Though his explanations might be a little technical for those unfamiliar with basic statistical operations he presents a very good explanation of the component parts of this fascinating concept. Kudryavtsev is obviously steeped in a strong academic understanding of the conceptual territory of place yet delivers a measured and fairly accessible monologue on the topic.
Mr. K. keeps it simple by suggesting that both place attachments and place meanings figure into the overarching concept of sense of place. He also hints at the component parts of attachment: place identity and place dependence. Identity is how we internalize a special place as it grows to be "part of who we are." Dependence speaks more to the value of what we "get out of a place," or how it "serves ones needs" in terms of amenities and/or resources that might be perceived as only available in a given locale.
I would be remiss if I did not mention that the library this video was filmed in looks like my fantasy parlor lounge. Full of books, with a nice large table, a plush leather sofa, rich red carpet, and even marble busts of ancient philosophers (though I suspect one might be "place" demigod and Cornell faculty member, Professor R.C. Stedman). But that's fine. The room rocks.
Overall, the video is a great, short overview of basic place concepts and offers some excellent short clips of students and instructors working in the Bronx as part of various environmental education programs. Nice work! More common-language explanations such as this are needed if academics expect to create relevance for themselves and their work outside of the "Ivory Tower."
To give the reader a better sense of how these concepts are measured, I will include the battery of questions provided by Kudryavtsev. As he suggests, it is a fairly standard set of questions for this type of survey work. These questions, as seen below, are focused on the place-specific site of "The Bronx" but this locale could be substituted for any relevant place.

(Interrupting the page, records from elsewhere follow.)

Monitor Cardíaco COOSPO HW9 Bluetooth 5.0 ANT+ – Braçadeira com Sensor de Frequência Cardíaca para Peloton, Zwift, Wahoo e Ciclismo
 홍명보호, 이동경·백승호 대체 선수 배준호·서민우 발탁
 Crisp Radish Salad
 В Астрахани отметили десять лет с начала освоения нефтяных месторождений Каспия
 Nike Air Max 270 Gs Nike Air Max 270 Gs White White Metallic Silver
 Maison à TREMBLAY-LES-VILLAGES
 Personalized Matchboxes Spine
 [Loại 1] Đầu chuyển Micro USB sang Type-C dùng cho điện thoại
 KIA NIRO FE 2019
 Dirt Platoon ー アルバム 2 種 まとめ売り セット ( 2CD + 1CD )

Below are two Sense of Place survey scales, one for place attachment and one for ecological place meanings. In responding to these statements, one would be asked to rank them on what are called "Likert scales" which, in this case consist of a 5-point measure ranging across a spectrum of "Strongly disagree," "Somewhat agree," "Neutral," "Somewhat disagree," and "Strongly agree".
Place Attachment Scale
1. The Bronx is the best place for what I like to do
2. I feel like the Bronx is part of me
3. Everything about the Bronx reflects who I am
4. I am more satisfied in the Bronx than in other places
5. I identify myself strongly with the Bronx
6. The Bronx is not a good place for what I enjoy doing [reverse coding]
7. There are better places to be than the Bronx [reverse coding]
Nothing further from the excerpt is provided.